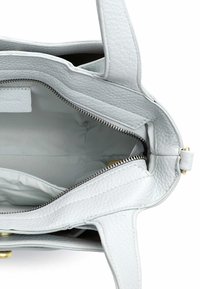 Světle šedá kožená kabelka s texturovaným povrchem, zapínáním na zip a dvěma otevřenými přihrádkami. Má zlaté kování a pevné popruhy.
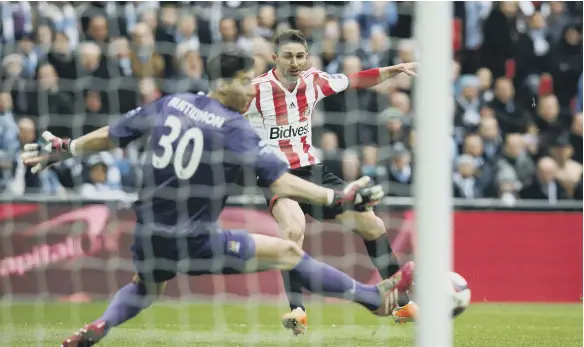  ??  ?? Sunderland’s Italian striker Fabio Borini scores the opening goal past Manchester City’s goalkeeper Costel Pantilimon.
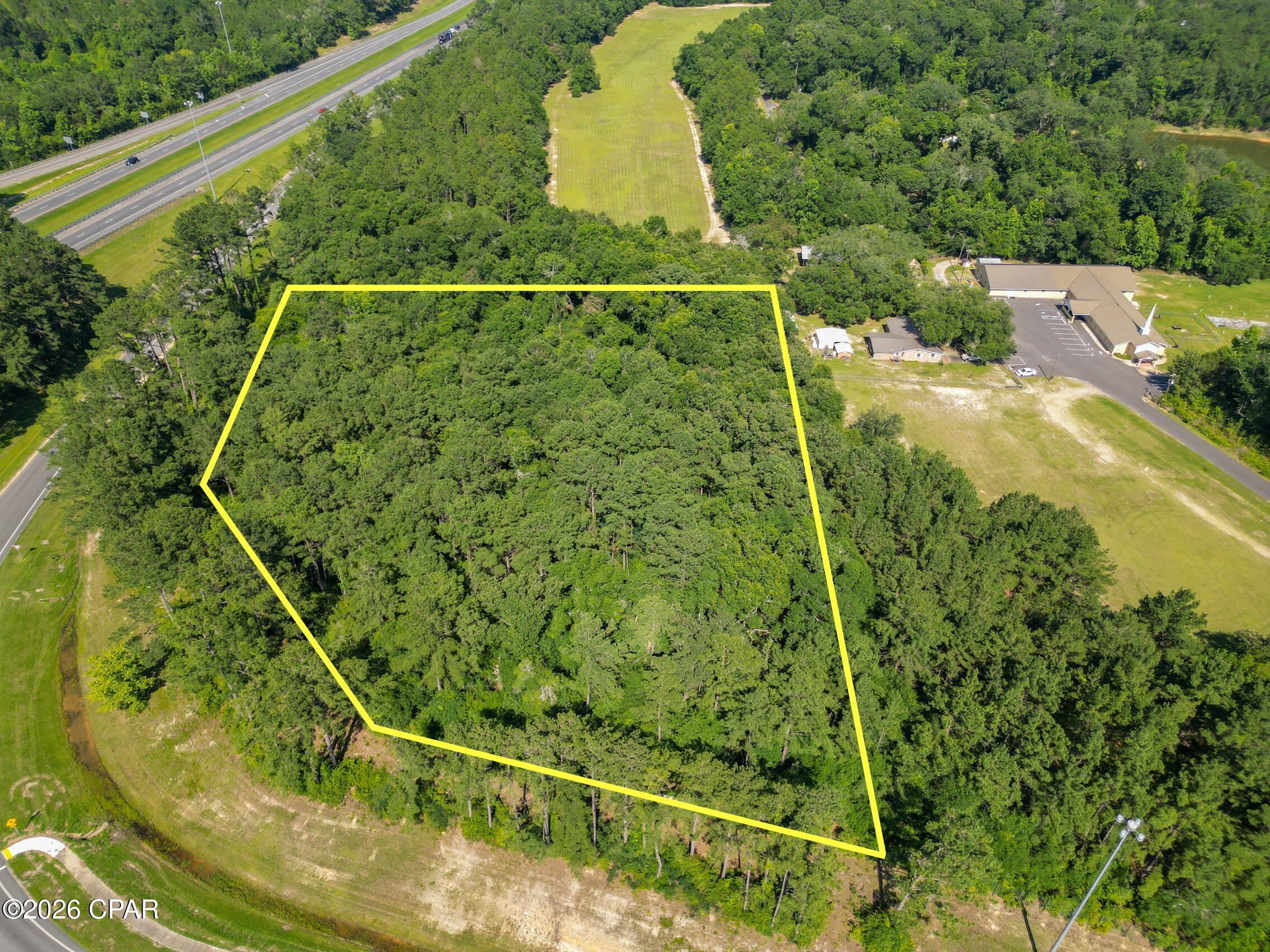 3.92+/- acres of prime commercial property at the intersection of Highway 77 and I-10 in Washington County. Frontage on Highway 77 and the entrance ramp to eastbound I-10. Legal access to property to be negotiated with adjacent property owners. Access will be from Blue Lake Road off Highway 77. New Washington County alcohol ordinance allows sale of ''on premises'' beverages with alcohol in a state licensed restaurant on this property. City of Chipley municipal water, sewer are now available & natural gas casings under I-10 to service this area of commercial properties have been completed. Additional contiguous land also available.  00000000-00-2350-0000 & 00000000-00-2347-0002 with total acreage of 6.92 acres, see MLS# 790932.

### Task to complete:
All that is wanted is the run of lines from the start of the material through the line that holds "goalkeeper Costel Pantilimon.", retyped exactly, with no pictures.

### Problem solution:
 Světle šedá kožená kabelka s texturovaným povrchem, zapínáním na zip a dvěma otevřenými přihrádkami. Má zlaté kování a pevné popruhy.
  ??  ?? Sunderland’s Italian striker Fabio Borini scores the opening goal past Manchester City’s goalkeeper Costel Pantilimon.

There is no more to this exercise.